Sunday, November 17, 2024
HomeHow ToSSIS Data Types: The No-Sweat Guide with Easy Examples

SSIS Data Types: The No-Sweat Guide with Easy Examples

SSIS Data Flow Components Download

Consider this simple Integration Services package. It’s simple because the task is to upload a CSV file to SQL Server. No transformations.

Notice the warning in the OLE DB Destination. It’s a string truncation warning. The source column has 50 characters but the target has only 20. So, what? The package may run without errors. But that’s only half of the problem. Here’s a screenshot of the source:

Looks pretty simple too. But the execution results include:

[OLE DB Destination [27]] Error: SSIS Error Code DTS_E_OLEDBERROR.  An OLE DB error has occurred. Error code: 0x80004005.
An OLE DB record is available.  Source: "Microsoft SQL Server Native Client 11.0"  Hresult: 0x80004005  Description: "Invalid character value for cast specification".

[OLE DB Destination [27]] Error: There was an error with OLE DB Destination.Inputs[OLE DB Destination Input].Columns[ DateFounded] on OLE DB Destination.Inputs[OLE DB Destination Input]. The column status returned was: "The value could not be converted because of a potential loss of data."

That’s bad.

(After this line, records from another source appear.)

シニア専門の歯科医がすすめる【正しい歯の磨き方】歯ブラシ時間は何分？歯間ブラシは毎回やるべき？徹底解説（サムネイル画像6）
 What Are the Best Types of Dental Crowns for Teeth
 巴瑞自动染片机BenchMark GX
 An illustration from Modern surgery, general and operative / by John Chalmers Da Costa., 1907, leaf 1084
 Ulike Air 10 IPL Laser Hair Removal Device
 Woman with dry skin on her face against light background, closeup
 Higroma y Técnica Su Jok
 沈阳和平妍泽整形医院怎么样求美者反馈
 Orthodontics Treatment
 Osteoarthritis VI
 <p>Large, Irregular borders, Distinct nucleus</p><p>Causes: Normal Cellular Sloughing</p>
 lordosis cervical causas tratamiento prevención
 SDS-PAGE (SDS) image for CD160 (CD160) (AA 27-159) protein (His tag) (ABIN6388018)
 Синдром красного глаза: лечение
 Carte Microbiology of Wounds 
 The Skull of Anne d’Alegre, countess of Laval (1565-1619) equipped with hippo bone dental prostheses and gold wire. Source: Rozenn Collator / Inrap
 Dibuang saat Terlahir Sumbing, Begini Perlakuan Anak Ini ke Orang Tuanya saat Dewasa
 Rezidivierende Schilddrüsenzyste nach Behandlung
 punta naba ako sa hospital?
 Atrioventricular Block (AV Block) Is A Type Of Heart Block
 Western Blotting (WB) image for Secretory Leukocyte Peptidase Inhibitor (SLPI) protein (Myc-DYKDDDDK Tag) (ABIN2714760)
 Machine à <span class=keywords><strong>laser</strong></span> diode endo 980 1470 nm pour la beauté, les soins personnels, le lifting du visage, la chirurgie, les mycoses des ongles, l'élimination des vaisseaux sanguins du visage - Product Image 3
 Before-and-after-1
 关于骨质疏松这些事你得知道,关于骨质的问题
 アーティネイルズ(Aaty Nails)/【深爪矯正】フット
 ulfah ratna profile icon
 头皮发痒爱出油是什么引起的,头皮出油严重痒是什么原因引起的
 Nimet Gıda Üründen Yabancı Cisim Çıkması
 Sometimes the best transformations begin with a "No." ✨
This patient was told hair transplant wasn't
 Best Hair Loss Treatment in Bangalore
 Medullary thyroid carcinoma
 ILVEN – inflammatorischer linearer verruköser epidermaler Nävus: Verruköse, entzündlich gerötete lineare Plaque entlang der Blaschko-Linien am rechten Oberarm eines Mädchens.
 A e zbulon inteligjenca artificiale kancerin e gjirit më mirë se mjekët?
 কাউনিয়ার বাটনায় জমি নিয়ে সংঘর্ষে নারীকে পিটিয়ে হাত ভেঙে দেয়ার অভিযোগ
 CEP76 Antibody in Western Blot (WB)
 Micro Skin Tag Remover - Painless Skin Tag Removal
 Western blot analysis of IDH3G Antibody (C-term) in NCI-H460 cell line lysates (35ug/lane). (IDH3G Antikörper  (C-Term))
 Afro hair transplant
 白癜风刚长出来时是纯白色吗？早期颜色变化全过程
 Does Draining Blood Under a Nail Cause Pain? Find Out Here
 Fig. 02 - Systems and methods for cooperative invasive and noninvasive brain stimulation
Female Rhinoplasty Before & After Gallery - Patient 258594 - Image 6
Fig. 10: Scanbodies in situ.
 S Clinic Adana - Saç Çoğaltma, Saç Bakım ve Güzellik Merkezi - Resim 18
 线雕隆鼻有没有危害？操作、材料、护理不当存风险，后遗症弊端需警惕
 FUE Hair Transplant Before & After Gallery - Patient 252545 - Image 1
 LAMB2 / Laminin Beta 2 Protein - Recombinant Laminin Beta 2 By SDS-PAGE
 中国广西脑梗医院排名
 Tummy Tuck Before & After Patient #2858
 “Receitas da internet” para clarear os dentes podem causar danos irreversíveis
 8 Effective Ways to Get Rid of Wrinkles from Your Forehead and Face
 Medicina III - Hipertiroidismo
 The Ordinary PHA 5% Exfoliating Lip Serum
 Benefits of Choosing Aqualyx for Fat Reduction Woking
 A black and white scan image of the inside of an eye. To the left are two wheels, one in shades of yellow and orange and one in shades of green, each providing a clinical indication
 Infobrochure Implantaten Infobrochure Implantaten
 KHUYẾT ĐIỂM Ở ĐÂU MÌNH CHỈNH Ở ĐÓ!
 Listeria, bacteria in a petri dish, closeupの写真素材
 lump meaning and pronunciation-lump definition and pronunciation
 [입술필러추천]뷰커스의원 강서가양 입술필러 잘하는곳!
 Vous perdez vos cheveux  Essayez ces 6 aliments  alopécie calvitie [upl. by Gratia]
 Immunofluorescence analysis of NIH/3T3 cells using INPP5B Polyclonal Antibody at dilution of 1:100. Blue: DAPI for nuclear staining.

The culprit? A date format (MMDDYYYY) that SSIS cannot convert.

These are just some of the problems you need to deal with. But there’s a way to fix these. And it’s not hard at all. Find them out in the following sections.

But before we deal with that, let’s discuss the core of SSIS data types first. With this, you can deal with the challenges ahead.

Discover more about SSIS tasks here.

What are the Data Types in SSIS?

SSIS data types are not too different from other platforms. Many data types correspond to SQL Server data types. The same is also true with other data formats. But it’s not a one-to-one mapping.

The following are the categorized data types.

Strings

These are the types that support letters, numbers, and symbols. Or it’s a combination of all of them. It also deals with Unicode strings that involve characters like Japanese or Korean. In SSIS, strings can be DT_STR, DT_WSTR, DT_TEXT, or DT_NTEXT.

Numbers

These are the types that support numbers for mathematical computation. It’s either whole numbers or those with fractional parts. In SSIS, DT_I1, DT_I2, DT_I4, DT_I8 for signed integers. There’s also DT_CY for currency values. And also DT_NUMERIC (exact numerics), and DT_R4 and DT_R8 (floating-point numbers).

Date/Time Types

These are the types that deal with dates, times, or a combination of both. In SSIS, there’s DT_DATE, DT_DBDATE, DT_DBTIME, DT_DBTIME2, DT_DBTIMESTAMP, DT_DBTIMESTAMPOFFSET, and DT_FILETIME.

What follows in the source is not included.